Find the limit: $\lim_{ x \to0 }\frac{x-\sin x}{x^3}$ without using the L'Hopital.

Question

Find the limit without using L'Hopital's rule

$$\lim_{ x \to0 }\frac{x-\sin x}{x^3}=?$$ This was what I did but I would like another solution.

Answer 1

If you like an outrageous overkill, from the Weierstrass product $$ \frac{\sin x}{x}=\prod_{n\geq 1}\left(1-\frac{x^2}{n^2\pi^2}\right)\tag{1} $$ it follows that in a neighbourhood of the origin we have: $$ 1-\frac{\zeta(2)}{\pi^2}x^2 \leq \frac{\sin x}{x}\leq \exp\left(-\frac{\zeta(2)}{\pi^2}x^2\right)\tag{2} $$ and the given limit equals $\frac{\zeta(2)}{\pi^2}=\color{red}{\large\frac{1}{6}}$ by squeezing.

Answer 2

No Taylor, no L'Hopital: Note that $x-\sin x = \int_0^x (1-\cos t)\, dt.$ Integrating again gives

$$x-\sin x = \int_0^x \int_0^t\sin s \, ds\, dt.$$

We know for small $s$ that $\sin s \sim s.$ So let's use $s$ in place of $\sin s$ above to see what's going on. We get

$$\int_0^x \int_0^t s \, ds\, dt = \int_0^x (t^2/2) dt = x^3/6.$$

Dividing that by $x^3$ gives a limit of $1/6.$ That shows nicely where the answer comes from.
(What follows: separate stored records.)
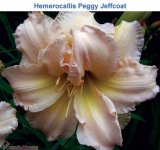 Hemerocallis-Peggy-Jeffcoat.jpg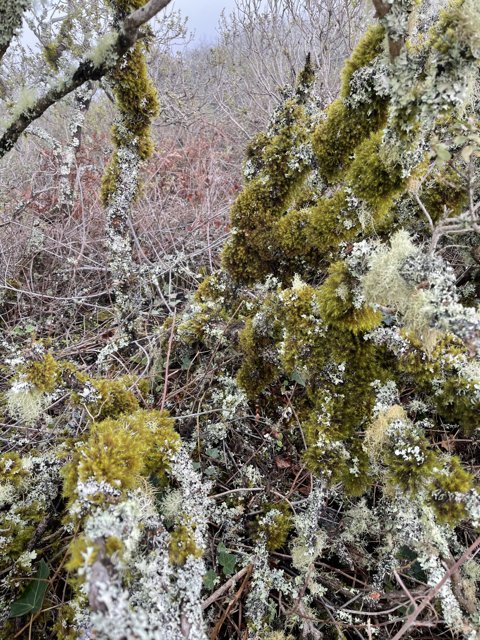 Mossy Bush in Winter Wonderland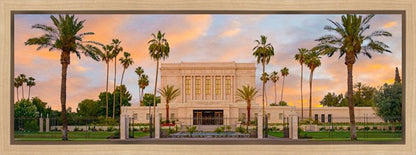 Mesa Palm Trees Gallery Wrap
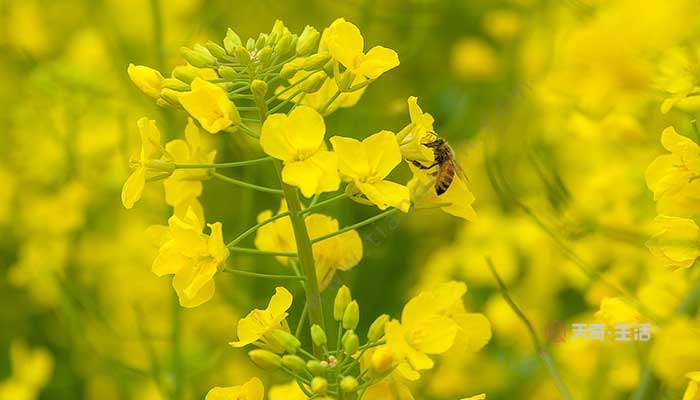 閏四月有啥講究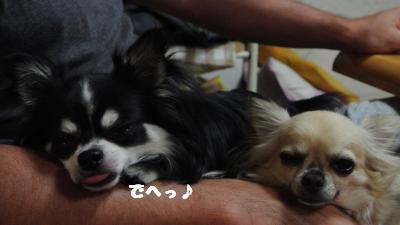 蟆城未+741_convert_20120824104210
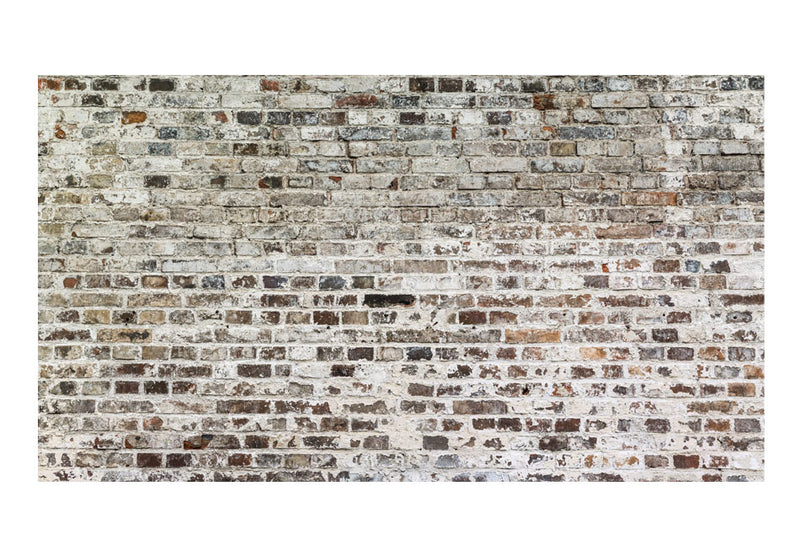 https://www.fotoartgeist.pl//ebaytemp/fototapety/f-A-0457-a-a/f-A-0457-a-a.jpg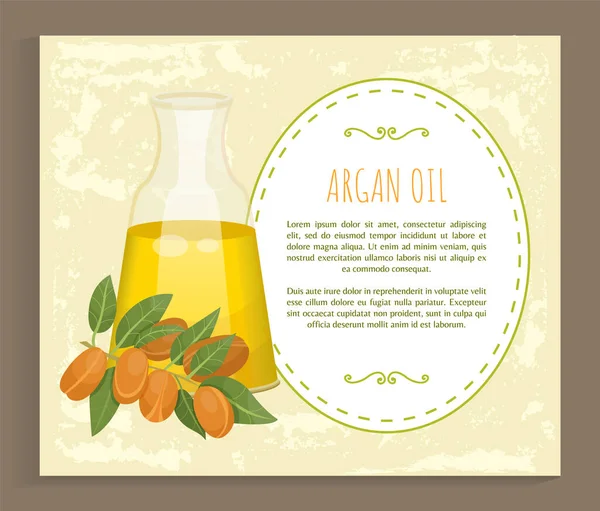 Argan Oil in Bottle, Argania的资料 — 图库矢量图片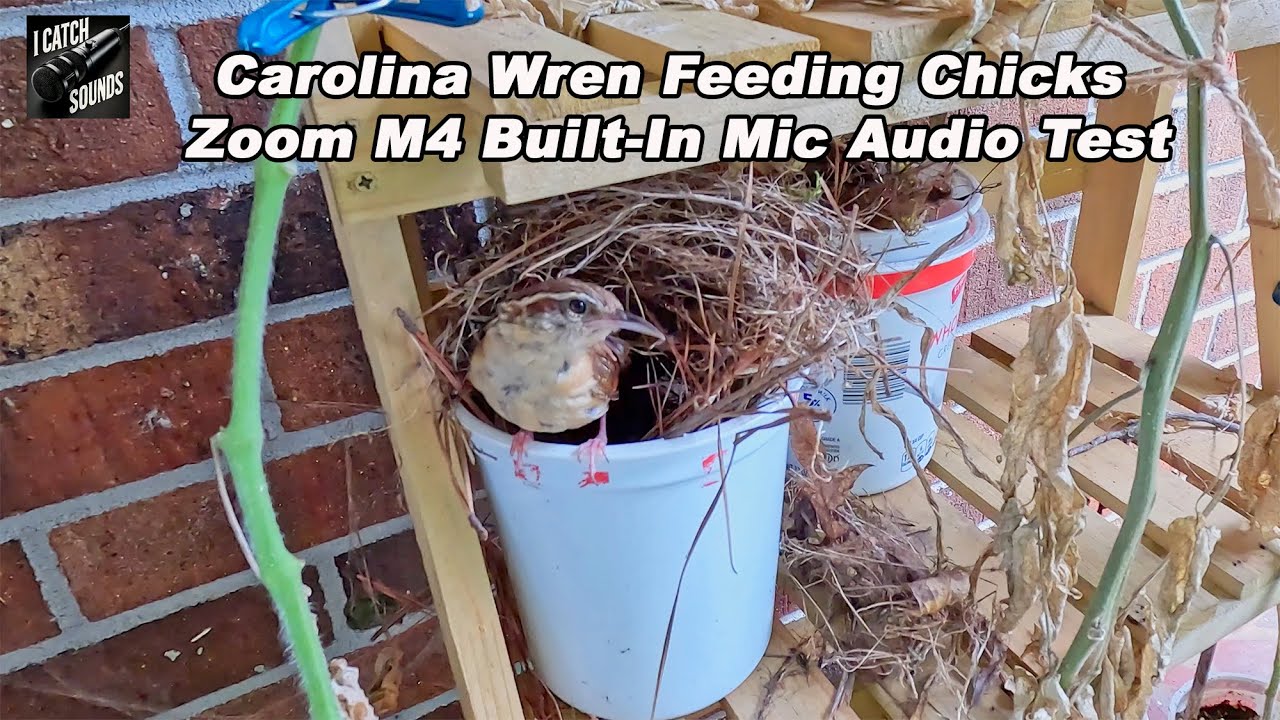 Zoom M4 Built-In Mic Audio Test - Carolina Wren Feeding Chicks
All that's left is to make sure using $s$ in place of $\sin s$ above is legitimate.

Answer 3

power series at $$x=0$$ of $$\frac{x-\sin(x)}{x^3}$$ gives $$\frac{1}{6}-\frac{x^2}{120}+\frac{x^4}{540}$$+Terms of the order $$x^6$$ thus our Limit is $$\frac{1}{6}$$